» What to do:
Using the entries below, output each line exactly from the first through the one that contains "Generic Women's Cotton".
========
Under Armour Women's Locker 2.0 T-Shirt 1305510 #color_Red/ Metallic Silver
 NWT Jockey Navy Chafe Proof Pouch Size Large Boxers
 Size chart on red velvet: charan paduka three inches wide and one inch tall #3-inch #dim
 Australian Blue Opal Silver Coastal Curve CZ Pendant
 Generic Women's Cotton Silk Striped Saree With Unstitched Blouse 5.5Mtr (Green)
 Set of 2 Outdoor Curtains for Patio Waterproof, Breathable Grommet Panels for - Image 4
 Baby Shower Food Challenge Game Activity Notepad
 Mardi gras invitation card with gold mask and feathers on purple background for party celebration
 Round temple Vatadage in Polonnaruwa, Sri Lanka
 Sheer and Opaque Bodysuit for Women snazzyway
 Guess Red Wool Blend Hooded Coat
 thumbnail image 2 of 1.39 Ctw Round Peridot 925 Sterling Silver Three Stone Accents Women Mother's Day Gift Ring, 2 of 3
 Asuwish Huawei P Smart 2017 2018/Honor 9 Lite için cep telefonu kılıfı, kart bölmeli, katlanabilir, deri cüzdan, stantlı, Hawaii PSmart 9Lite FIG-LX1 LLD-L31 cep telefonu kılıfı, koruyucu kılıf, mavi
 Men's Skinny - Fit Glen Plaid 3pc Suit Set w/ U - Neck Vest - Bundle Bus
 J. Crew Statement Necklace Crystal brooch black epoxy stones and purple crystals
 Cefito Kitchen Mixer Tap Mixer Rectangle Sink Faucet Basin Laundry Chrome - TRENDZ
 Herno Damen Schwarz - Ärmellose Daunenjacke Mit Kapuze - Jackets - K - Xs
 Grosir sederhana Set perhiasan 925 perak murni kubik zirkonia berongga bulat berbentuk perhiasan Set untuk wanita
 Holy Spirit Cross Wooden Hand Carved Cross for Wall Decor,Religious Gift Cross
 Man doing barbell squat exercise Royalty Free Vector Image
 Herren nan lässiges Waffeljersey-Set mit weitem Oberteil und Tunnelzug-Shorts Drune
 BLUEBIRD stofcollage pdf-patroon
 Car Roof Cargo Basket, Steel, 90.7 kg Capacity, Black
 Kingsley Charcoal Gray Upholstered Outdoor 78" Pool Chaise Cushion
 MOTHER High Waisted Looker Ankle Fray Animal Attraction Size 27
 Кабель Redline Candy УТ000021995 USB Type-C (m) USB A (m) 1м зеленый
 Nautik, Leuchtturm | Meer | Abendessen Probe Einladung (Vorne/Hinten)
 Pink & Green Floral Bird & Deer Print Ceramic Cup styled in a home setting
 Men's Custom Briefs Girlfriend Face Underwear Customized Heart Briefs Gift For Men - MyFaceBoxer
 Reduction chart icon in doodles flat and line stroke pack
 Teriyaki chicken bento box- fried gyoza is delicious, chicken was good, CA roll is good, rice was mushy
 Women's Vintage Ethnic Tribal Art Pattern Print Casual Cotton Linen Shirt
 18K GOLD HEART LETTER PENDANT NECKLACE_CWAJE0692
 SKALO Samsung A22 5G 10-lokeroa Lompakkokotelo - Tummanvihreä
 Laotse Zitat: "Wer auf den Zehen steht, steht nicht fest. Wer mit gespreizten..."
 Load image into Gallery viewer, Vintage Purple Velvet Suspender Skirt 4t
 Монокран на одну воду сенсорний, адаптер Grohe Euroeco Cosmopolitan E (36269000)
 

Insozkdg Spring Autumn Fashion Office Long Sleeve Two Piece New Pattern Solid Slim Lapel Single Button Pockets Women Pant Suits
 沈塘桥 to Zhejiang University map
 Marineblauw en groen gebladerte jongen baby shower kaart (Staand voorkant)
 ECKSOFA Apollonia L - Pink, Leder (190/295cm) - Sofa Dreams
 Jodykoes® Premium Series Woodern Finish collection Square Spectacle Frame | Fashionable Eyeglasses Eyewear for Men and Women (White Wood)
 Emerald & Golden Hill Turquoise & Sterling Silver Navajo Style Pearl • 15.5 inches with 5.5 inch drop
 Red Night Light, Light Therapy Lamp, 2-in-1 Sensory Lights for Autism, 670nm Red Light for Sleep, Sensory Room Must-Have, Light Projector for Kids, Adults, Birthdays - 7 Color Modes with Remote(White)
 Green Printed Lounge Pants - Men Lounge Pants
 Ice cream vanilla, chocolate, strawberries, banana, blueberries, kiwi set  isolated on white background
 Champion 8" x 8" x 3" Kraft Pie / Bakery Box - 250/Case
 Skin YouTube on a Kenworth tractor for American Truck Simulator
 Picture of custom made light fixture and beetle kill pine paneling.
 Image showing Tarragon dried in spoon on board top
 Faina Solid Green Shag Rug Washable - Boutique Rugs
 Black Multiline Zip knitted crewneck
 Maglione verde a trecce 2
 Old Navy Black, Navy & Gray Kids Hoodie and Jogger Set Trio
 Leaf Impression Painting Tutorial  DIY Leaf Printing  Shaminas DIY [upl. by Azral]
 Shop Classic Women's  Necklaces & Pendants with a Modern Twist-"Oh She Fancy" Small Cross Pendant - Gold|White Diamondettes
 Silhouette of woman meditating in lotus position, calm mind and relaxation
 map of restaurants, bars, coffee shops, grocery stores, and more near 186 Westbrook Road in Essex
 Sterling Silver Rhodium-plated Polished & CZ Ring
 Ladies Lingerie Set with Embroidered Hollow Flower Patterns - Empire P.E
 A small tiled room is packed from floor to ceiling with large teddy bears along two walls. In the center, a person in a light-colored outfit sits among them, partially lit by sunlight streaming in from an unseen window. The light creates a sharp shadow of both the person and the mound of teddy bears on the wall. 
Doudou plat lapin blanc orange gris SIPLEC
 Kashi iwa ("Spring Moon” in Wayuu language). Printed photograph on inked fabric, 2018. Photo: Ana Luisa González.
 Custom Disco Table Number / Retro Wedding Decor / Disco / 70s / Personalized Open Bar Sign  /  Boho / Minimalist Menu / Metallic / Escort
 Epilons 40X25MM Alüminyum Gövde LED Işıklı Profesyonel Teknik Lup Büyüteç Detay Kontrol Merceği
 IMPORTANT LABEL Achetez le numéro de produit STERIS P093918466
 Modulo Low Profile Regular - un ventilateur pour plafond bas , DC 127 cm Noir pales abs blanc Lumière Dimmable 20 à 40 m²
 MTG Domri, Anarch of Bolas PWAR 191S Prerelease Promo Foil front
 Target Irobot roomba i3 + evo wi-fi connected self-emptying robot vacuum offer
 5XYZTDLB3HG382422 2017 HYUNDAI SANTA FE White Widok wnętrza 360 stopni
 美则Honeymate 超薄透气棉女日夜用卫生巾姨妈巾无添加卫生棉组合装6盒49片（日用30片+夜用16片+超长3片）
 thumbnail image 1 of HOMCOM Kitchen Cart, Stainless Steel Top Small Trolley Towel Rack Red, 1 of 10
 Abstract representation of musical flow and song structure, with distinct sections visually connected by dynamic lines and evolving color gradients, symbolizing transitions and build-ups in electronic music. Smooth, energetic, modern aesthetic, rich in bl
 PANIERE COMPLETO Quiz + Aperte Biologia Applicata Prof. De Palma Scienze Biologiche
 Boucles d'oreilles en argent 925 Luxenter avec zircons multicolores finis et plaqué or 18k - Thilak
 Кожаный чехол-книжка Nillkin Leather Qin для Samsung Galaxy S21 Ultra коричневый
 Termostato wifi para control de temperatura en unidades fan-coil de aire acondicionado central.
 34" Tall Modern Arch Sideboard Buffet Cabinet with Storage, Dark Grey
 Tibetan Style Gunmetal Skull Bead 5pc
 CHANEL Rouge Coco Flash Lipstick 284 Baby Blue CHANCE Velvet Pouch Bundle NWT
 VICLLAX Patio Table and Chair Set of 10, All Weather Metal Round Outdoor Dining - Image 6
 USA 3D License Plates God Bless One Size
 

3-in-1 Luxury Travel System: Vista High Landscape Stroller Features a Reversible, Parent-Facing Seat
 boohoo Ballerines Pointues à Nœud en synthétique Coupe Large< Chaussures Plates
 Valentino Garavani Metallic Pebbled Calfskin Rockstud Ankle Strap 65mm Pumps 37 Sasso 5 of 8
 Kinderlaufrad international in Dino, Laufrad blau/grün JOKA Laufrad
========
» Result for this exercise:
Under Armour Women's Locker 2.0 T-Shirt 1305510 #color_Red/ Metallic Silver
 NWT Jockey Navy Chafe Proof Pouch Size Large Boxers
 Size chart on red velvet: charan paduka three inches wide and one inch tall #3-inch #dim
 Australian Blue Opal Silver Coastal Curve CZ Pendant
 Generic Women's Cotton Silk Striped Saree With Unstitched Blouse 5.5Mtr (Green)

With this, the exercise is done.